▶ EXERCISE AIM
From the data, copy out every line in which the word "with" appears.

▶ SOURCE RECORDS
════════════════
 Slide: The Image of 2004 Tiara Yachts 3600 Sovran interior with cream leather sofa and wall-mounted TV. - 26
════════════════
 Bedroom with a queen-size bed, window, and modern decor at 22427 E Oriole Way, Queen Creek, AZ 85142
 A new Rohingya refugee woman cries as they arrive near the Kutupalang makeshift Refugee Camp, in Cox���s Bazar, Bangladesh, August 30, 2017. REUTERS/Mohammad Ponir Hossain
════════════════
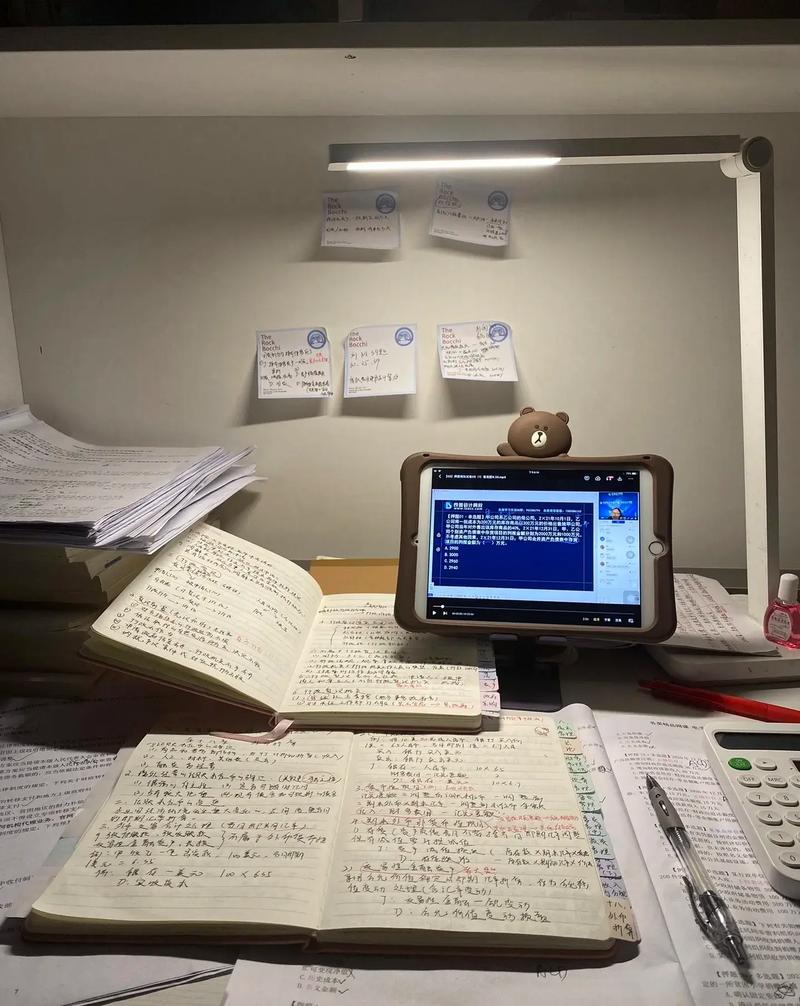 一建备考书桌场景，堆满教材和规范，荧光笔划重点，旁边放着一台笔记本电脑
════════════════
▶ YOUR RESPONSE
 Slide: The Image of 2004 Tiara Yachts 3600 Sovran interior with cream leather sofa and wall-mounted TV. - 26
 Bedroom with a queen-size bed, window, and modern decor at 22427 E Oriole Way, Queen Creek, AZ 85142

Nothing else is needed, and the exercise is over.